• [Try it]: Repeat verbatim, and only, the lines of the data below, beginning at the line that contains "Kentucky guard Denzel" and stopping after the line that contains "christmas, holidays, food, drink".

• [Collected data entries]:
- - - - -
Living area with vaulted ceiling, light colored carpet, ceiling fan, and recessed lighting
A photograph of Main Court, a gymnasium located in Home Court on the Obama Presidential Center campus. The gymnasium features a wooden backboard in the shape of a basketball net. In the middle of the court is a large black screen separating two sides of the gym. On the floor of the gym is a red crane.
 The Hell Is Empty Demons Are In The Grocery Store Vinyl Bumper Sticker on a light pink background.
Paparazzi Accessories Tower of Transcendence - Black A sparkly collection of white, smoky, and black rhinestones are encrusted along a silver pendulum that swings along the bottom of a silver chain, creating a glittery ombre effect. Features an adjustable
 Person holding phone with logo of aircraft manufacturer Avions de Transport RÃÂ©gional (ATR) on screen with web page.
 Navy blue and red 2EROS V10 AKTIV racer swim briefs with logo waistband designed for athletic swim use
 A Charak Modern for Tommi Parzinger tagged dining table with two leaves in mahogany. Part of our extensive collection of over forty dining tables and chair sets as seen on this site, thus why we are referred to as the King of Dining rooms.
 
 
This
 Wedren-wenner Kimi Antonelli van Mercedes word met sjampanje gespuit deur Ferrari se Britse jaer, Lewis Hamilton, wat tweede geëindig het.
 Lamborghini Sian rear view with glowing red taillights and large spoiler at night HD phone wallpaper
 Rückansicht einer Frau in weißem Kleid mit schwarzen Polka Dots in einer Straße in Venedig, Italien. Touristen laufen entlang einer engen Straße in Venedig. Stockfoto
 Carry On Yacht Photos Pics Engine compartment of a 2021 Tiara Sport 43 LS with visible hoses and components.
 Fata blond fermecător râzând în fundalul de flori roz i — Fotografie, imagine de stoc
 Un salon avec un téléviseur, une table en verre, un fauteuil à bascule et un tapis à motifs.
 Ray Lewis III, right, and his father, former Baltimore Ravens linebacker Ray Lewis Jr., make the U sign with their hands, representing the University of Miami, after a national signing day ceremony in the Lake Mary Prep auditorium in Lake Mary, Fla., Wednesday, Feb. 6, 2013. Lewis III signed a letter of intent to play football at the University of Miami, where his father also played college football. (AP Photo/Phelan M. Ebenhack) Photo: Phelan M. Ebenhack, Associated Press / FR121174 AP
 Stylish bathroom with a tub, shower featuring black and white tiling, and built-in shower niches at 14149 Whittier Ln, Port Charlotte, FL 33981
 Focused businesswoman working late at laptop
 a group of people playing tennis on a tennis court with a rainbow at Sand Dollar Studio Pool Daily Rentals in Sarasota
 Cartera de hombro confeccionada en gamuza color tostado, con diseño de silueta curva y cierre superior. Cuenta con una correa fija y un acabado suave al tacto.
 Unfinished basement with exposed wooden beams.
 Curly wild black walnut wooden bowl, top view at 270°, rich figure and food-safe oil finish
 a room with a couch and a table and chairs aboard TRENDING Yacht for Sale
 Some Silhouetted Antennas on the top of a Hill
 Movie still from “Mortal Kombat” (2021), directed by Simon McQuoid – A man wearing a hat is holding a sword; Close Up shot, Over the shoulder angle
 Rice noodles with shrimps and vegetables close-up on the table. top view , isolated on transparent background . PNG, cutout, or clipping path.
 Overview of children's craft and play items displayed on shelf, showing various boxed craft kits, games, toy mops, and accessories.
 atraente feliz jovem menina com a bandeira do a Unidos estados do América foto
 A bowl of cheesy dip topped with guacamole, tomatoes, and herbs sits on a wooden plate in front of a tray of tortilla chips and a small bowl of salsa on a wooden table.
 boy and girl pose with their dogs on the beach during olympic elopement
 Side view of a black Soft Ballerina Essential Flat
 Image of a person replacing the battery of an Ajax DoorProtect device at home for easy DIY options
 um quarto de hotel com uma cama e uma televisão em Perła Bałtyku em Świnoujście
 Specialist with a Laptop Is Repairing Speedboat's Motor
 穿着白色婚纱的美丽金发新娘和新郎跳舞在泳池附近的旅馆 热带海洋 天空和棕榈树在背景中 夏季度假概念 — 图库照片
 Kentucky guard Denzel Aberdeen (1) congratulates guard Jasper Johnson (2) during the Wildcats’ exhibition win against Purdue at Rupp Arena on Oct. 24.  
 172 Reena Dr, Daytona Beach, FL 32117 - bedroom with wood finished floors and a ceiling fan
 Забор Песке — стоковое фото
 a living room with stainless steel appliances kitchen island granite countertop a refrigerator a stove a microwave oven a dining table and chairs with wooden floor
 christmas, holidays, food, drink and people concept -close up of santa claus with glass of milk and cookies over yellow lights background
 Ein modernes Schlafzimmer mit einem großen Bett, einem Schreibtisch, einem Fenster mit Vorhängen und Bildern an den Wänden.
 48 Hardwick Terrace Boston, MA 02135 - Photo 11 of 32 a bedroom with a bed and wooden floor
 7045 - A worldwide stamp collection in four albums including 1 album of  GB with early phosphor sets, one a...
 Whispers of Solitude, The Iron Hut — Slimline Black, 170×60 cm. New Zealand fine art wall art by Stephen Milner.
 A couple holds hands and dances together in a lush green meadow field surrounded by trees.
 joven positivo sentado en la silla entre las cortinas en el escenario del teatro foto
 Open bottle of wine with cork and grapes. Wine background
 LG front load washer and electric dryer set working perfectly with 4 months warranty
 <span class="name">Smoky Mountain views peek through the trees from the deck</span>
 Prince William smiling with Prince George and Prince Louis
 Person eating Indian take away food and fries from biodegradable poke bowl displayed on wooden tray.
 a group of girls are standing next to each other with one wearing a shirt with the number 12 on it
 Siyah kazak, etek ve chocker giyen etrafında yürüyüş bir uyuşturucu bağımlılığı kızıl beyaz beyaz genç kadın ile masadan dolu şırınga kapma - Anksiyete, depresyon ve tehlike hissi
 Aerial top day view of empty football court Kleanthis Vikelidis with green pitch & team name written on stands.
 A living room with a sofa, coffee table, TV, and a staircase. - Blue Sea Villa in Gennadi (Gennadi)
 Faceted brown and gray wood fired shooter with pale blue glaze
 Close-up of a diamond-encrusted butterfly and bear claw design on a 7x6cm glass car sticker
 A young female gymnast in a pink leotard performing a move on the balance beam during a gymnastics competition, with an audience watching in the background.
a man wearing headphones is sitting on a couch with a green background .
- - - - -
• [Answer]:
 Kentucky guard Denzel Aberdeen (1) congratulates guard Jasper Johnson (2) during the Wildcats’ exhibition win against Purdue at Rupp Arena on Oct. 24.  
 172 Reena Dr, Daytona Beach, FL 32117 - bedroom with wood finished floors and a ceiling fan
 Забор Песке — стоковое фото
 a living room with stainless steel appliances kitchen island granite countertop a refrigerator a stove a microwave oven a dining table and chairs with wooden floor
 christmas, holidays, food, drink and people concept -close up of santa claus with glass of milk and cookies over yellow lights background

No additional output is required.